Wednesday, October 31, 2012

Updated Thoughts on The Vertigo Epidemic I Observed

This is a short update to my previous message on the increased incidence of vertigo I observed some months ago and which I properly labeled an epidemic. First, let me say that it is still occurring, as there are new people complaining of vertigo, though it does seem to be slowing down through the later month of October. And second, after looking in many possible online sites, and calling several public health authorities, there does not seem to be an awareness of this increased incidence, and it is that which I want to discuss.

Since we sent out the first notice, we have gotten over 200 emails with stories of people having experienced or experiencing new attacks of vertigo. And if I may, I would like to both thank and respond to many of those emails.

First let me try to describe what I think the vertigo is not caused by. Some people thought it related to the recent earthquake experienced in the northeast US. However, this increase in vertigo has been taking place for a number of months before that earthquake, and has been occurring throughout the US, so I don’t think these two things are related. Some people thought it is somehow related to lowered levels of Vitamin D. However, this issue of lowered vitamin D has been true for many years, and this increase in vertigo has only been noted in the last 3 months, so I do not think this is the case either. Also, I had looked at the vitamin D levels of some of these individuals in my own practice and their numbers were in the high normal range, so I do not think this is the issue.

Some people thought it may be related to the recent economic crisis. However, the recent economic crisis is actually not so recent, has been in place for several years, and yet, now, when it looks like the economics in the USA have been improving slightly, we have had this recent vertigo. I actually do not think this is related. Also, people experiencing vertigo have been those wealthy and not so wealthy, those who just lost a job or just found employment and those with stable work. Solar flares, radiation, etc., do not account for it as well, I think, given the nature of the symptoms.

I also do not think it is Lyme disease, as some have written to us to consider, since many of the people are spread out geographically, living in cities and rural areas. Also, Lyme disease, when characterized by symptoms of vertigo, does not present in the epidemic ‘spread pattern’ that this epidemic had.
What I do think is causing this is a viral infection. But here is were it gets tricky for me, which will explain why I worded my prior notice the way I did. First, there are numerous people who had a sort of ‘cold’ or minor upper respiratory tract infection, prior to the beginning of vertigo symptoms. Some patients had mild sinusitis with that infection. And so, for these people, it would be easy to say that vertigo is an odd, persistent vestige of the infection that they had just prior to beginning the vertigo. However, there were just as many people who did not seem to have a cold, but were feeling ‘run down’, tired, exhausted, for no apparent reason. And just as many people who did not experience anything at all that they are aware of prior to the onset of vertigo.

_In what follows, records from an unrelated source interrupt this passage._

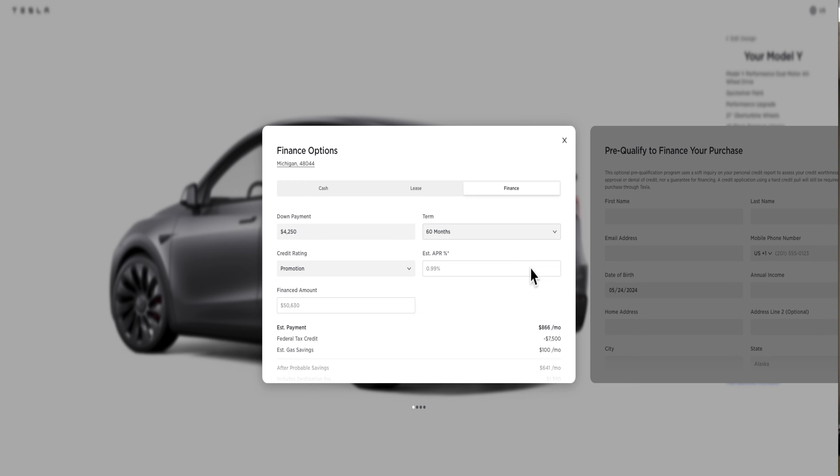I chose the 60-month term to take the best advantage of the 0.99% interest rate. The monthly payment is a little higher but it's worth it to make my mom happy. Also, I noticed that when you place a Model Y order now, they took the hedgehog confirmation away — you just get a confirmation number. I don't know if it's temporary or a new thing, but I liked that little hedgehog touch.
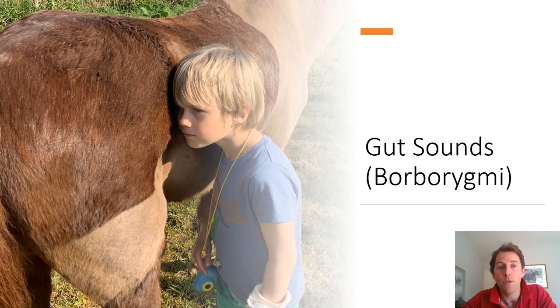Another useful skill is being able to listen to your horse's gut sounds, or borborygmi. Place your ear on the side of your horse's tummy and listen for between 30 seconds and a minute. There's no set rate or rhythm for what's normal, except that over 30 seconds to a minute you should probably hear more sounds than periods of silence. It's worth doing this from time to time so you get an idea of what's normal for your particular horse.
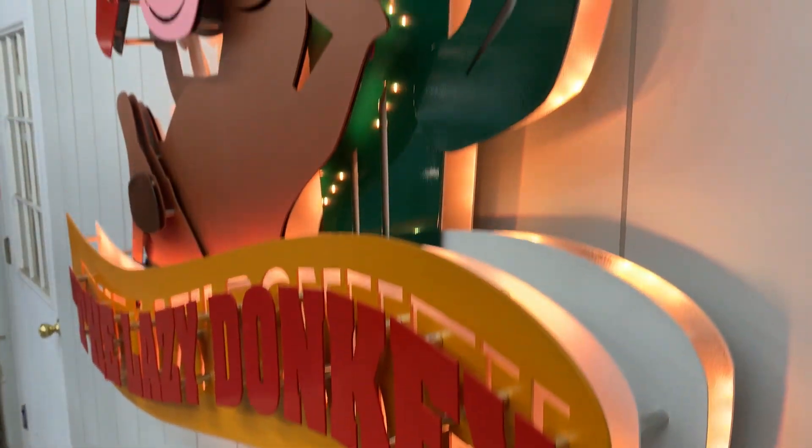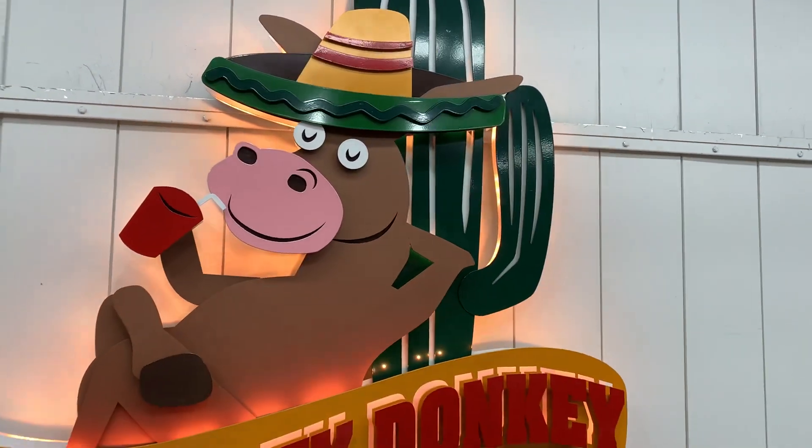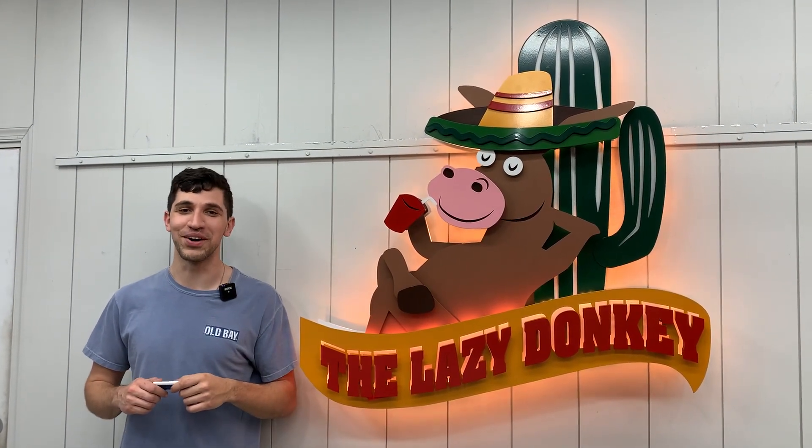We pulled all their layers apart, expertly powder coated them and of course had to add our LED lighting package. And I think this is just another great example of what Shield Co. does best, and that is turning your logo into art.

Here is what I believe is going on, though it would have cost too much to prove it. I think there is/was a viral infection that spread through the population, just as these things typically do. However, it think most people were either not susceptible, in which case did not develop any symptoms. Others were susceptible, and this is where it gets interesting. In those that were very susceptible, they developed respiratory symptoms plus the vertigo. Others that were differently susceptible still had to deal with the virus and were therefore run down or fatigued, and later developed the vertigo. And lastly, some patients are subclinical, meaning they were/are dealing with the virus, but do not show clinical symptoms, and perhaps later became clinical with regard to the vertigo.

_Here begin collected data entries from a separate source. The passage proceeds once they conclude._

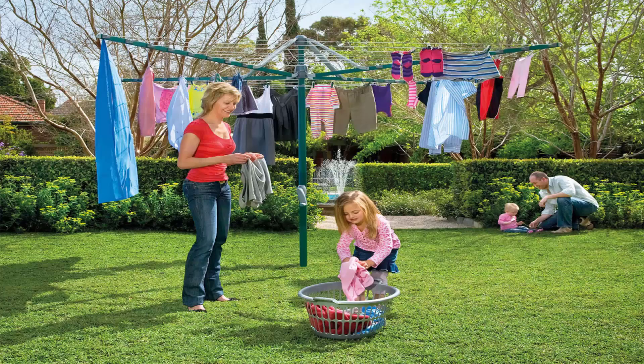Folding rotary clotheslines are the most popular style of rotary clothesline available today. These are generally replacing the more traditional fixed rotary clotheslines like the old Hills Hoist ones with a galvanised wire. These units are foldable and can be stored away in case you're having a party or game of cricket or soccer. These units do come in a range of sizes — this one here is the Hills Hoist 8 line, which is the biggest one on the market from Hills. There are a range of smaller sizes available as well.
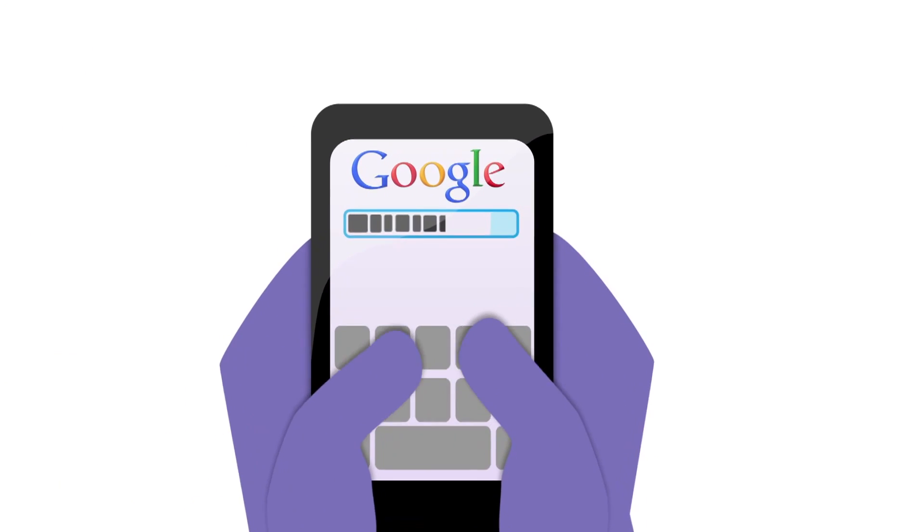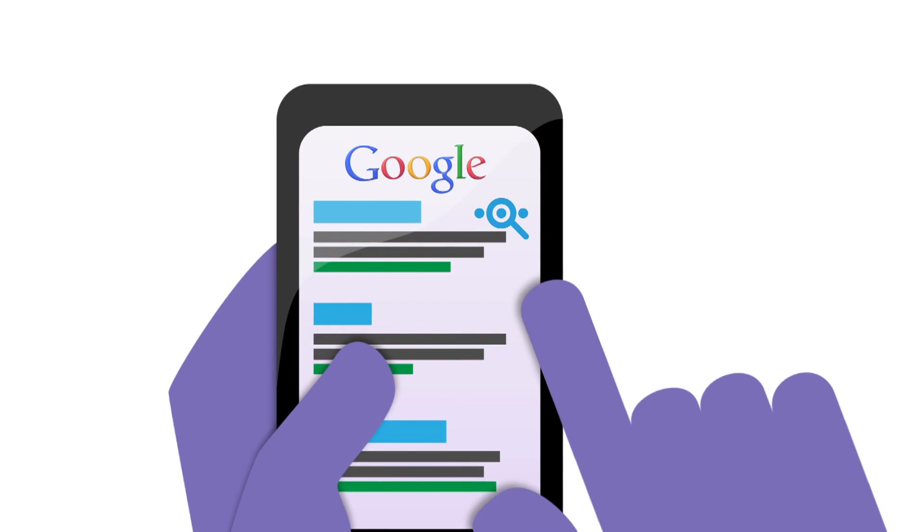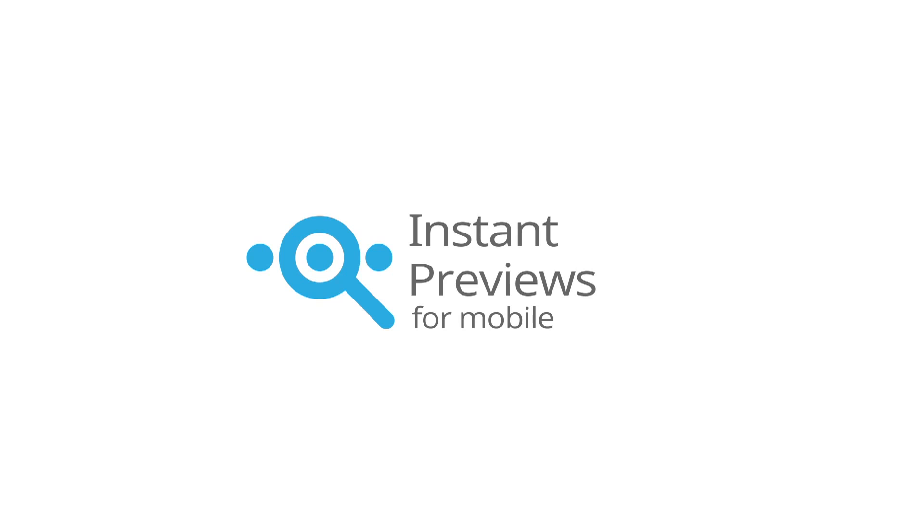Google Instant Previews for Mobile makes searching on your phone faster. Click the magnifying glass next to a result to visually compare website snapshots before you click through. That way you can find what you're looking for without clicking back and forth between search results and web pages.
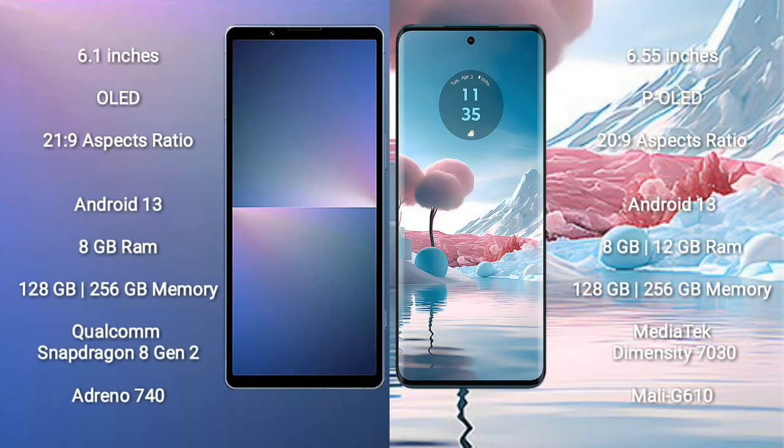Sony Xperia 5 Mark 5 comes with a 6.1-inch OLED display and aspect ratio 20 to 9. Motorola Age 40 New comes with a 5.55-inch P-OLED display and aspect ratio 20 to 9.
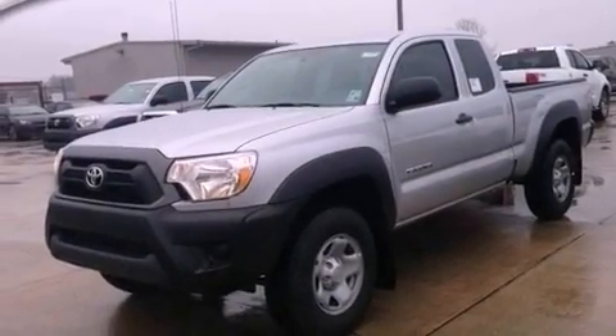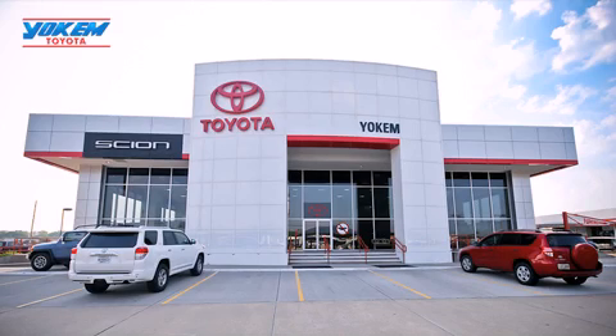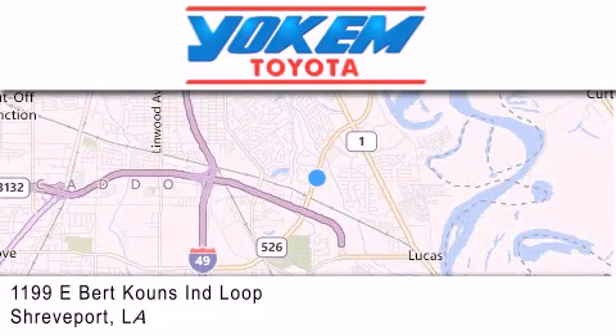This vehicle is sure to sell fast. Call and arrange your test drive today. Yoakam Toyota is conveniently located at 1199 East Mart Coons in Streetport. Our goal is to exceed all of your expectations to ensure that you'll return for future visits.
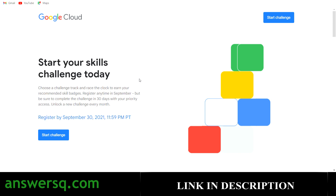Hi buddy, welcome to AnsetsQ. In this video, we will be seeing about the Google Cloud Skills Challenge. It is a 30-day challenge program in which you have to complete multiple exercises and challenges to get your skill badge from Google.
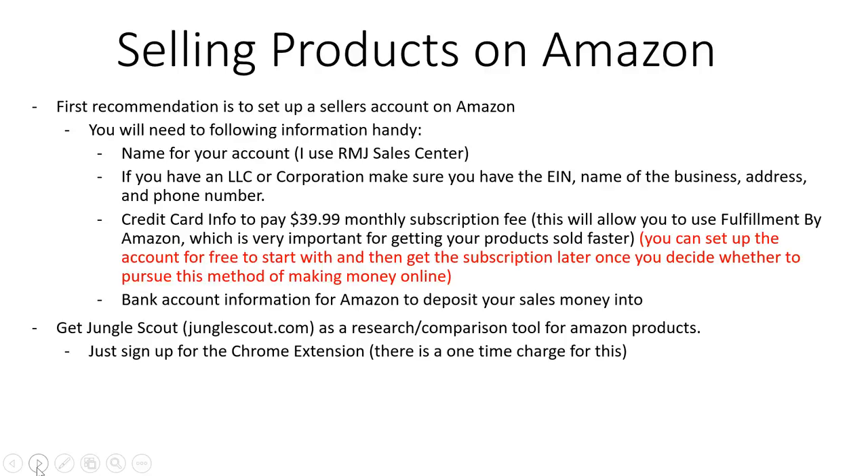If you have an LLC or corporation, make sure you have the EIN or tax number handy, the actual name of your business, the address, and the phone number — so Amazon can verify all that information for tax purposes. You'll also need a credit card if you're going to get that $39.99 monthly subscription for Fulfillment by Amazon. Finally, make sure you have your bank account number and routing number so that Amazon can actually pay you when your products sell.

The long and short of it is this: I believe that many of the people experiencing this vertigo had a virus, a cold of sorts. Some had symptoms of the cold and some did not. However, at the end they are experiencing this vertigo, which for some is ongoing. I cannot prove that a viral infection was the cause, and therefore left that out of the prior note. But I thought I should respond to all the emails I received, and at least add my thoughts.

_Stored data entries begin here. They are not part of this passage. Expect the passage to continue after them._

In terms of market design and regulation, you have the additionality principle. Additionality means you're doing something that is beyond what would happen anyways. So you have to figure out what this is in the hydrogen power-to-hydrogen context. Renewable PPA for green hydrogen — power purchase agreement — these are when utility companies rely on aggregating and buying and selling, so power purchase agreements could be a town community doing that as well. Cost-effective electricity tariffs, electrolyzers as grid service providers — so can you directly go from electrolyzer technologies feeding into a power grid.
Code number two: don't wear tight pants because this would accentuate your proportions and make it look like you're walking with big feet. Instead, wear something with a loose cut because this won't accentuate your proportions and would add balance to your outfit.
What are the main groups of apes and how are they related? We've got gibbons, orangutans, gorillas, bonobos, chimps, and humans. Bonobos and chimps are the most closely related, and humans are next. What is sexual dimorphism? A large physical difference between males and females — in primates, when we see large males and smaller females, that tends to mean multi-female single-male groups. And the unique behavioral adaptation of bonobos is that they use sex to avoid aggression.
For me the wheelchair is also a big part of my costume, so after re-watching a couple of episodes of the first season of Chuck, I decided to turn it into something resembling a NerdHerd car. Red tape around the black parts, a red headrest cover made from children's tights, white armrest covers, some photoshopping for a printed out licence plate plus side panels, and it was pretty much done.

There are two specific reasons I thought it important to describe. First, anytime there is an increased incidence of an ailment, people should be made aware of it. And second, many people who are experiencing this went to their physicians, who did not find anything. In fact, many of the people thought that they had a brain tumor or multiple sclerosis or some other serious problem. The level of anxiety of some patients has been exceedingly high. Finding out that there may be a less severe reason to explain this symptom is helpful. Obviously, one still needs to follow diagnostic protocols to make sure there is no other, more serious, underlying reason for this symptom. If all the diagnostic work-up is negative, then I would venture to guess that the vertigo may be related to a prior viral infection. As with all other viruses, this epidemic is likely to die down. As mentioned before, the most common treatment was Cocculus indicus, with its attendant symptoms. I am curious, though, to find out what happens to the people who have been settled with the vertigo for an extended period of time. If you are one of the people who had this happen to you, would you mind keeping in touch? I would love to know what happened to the vertigo one year hence, in the Fall of 2013.